I/O requests taking more than 15 seconds

  • I've read through a lot of posts regarding this error message. Unfortunately, none of them seem to fit my situation.

    Here's the specs of my Virtual Server:

    - SQL Server 2005 Std Ed SP2

    - Microsoft Windows Server 2003 R2 Std Ed SP2 Operating System

    - 2 processors @2.33GHz each

    - 3 VMware Virtual disk SCSI Disk Devices (C, E (data), and F (logs))

    - 3.75GB of RAM

    - Sharing resources with other virtual machines

    - 14 drives on the SAN

    - This virtual machine has it's own Logical Path to the storage

    Here are the database specs on this virtual server

    - DBA, 60 MB, SIMPLE recovery, hardly no I/O, only used during nightly maintenance windows

    - fasuite, 468 MB, SIMPLE recovery, little I/O

    - McGann, 1069.25 MB, FULL recovery. between 2 and 4501 bytes, users connected throughout the day

    - McGann_Removed, 2.94MB, SIMPLE recovery, hardly no I/O,

    - wp1281, 114.50 MB, FULL recovery, minimum I/O, users connected throughout the day

    - wslogdb61, 6000 MB, SIMPLE recovery, highest I/O at around 923897 bytes, this databases logs Internet visits from all networked computers

    *Note: I just recently added the last database - these I/O errors were happening before I added it so I do not attribute it's size or process directly to the problem.

    Ok, so when I monitor my server using Perfmon I see normal ranges on all counters. I confirmed this as well with my SAN admin.

    However, I continue to get the SQL Error Message that an I/O requests is taking longer than 15 seconds! I notice this occurs on the Lazy Writer most of the time, writing to the F (log) drive.

    I also notice that it doesn't exactly coincide with my Transaction Log backups, but it comes close MOST of the time.
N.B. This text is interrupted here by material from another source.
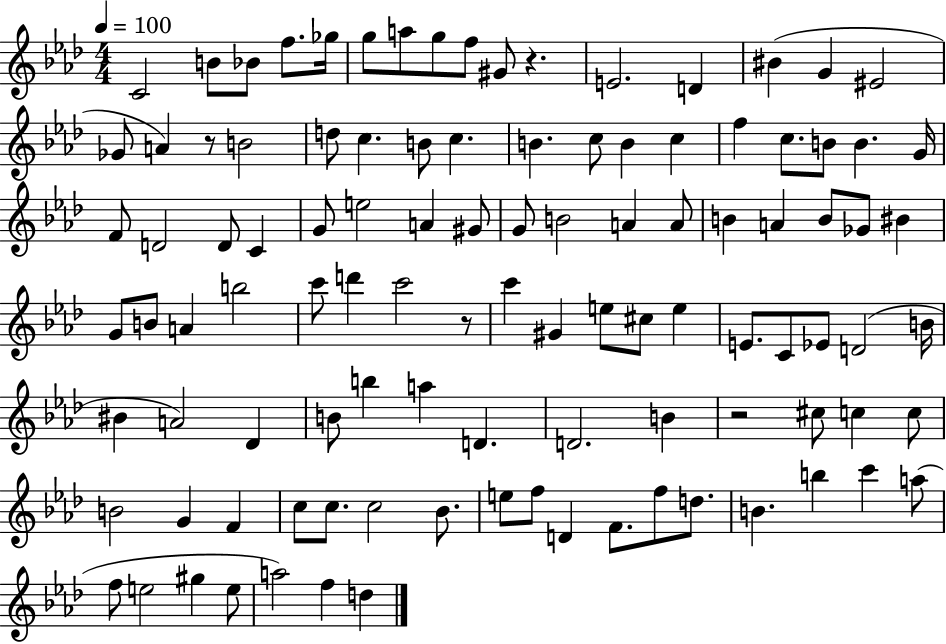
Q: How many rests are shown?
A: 4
Sometimes, however, it is random.

    Also, it does not always happen on the same database request.

    I would really appreciate any suggestions for what I need to monitor or look at.

    Thanks in advance for your assistance!

    sandy

  • Sandy,

    Take a look at this blog entry, it might be relevant.
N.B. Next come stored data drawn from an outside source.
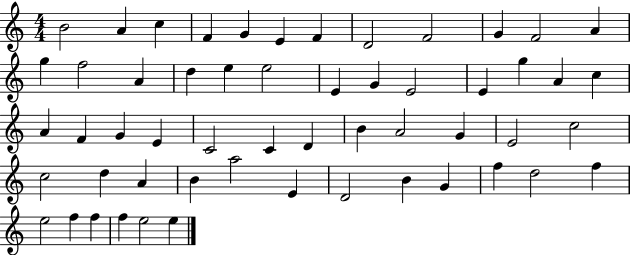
{
  \clef treble
  \numericTimeSignature
  \time 4/4
  \key c \major
  b'2 a'4 c''4 | f'4 g'4 e'4 f'4 | d'2 f'2 | g'4 f'2 a'4 | \break g''4 f''2 a'4 | d''4 e''4 e''2 | e'4 g'4 e'2 | e'4 g''4 a'4 c''4 | \break a'4 f'4 g'4 e'4 | c'2 c'4 d'4 | b'4 a'2 g'4 | e'2 c''2 | \break c''2 d''4 a'4 | b'4 a''2 e'4 | d'2 b'4 g'4 | f''4 d''2 f''4 | \break e''2 f''4 f''4 | f''4 e''2 e''4 | \bar "|."
}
    http://blogs.msdn.com/chrissk/archive/2008/06/19/i-o-requests-taking-longer-than-15-seconds-to-complete-on-file.aspx

  • A couple of queries as follows;

    --Help to isolate physical disk(s) that are involved in the I/O bottlenecks

    select

    db_name(t1.database_id) AS DatabaseName,

    t1.database_id,

    t1.file_id,

    substring(mf.physical_name, 1, 2) as DriveLetter,

    io_stall,

    io_pending_ms_ticks,

    scheduler_address

    from

    (select * from sys.dm_io_virtual_file_stats(NULL, NULL)) t1

    join sys.dm_io_pending_io_requests t2

    on t1.file_handle = t2.io_handle

    join sys.master_files mf

    on mf.database_id = t1.database_id and mf.file_id = 1

    --This is the Data File I/O output as seen in Activity Monitor with 2008 tools (captured with trace)

    --Run the create temp table script first then run the query, first run will yield no results.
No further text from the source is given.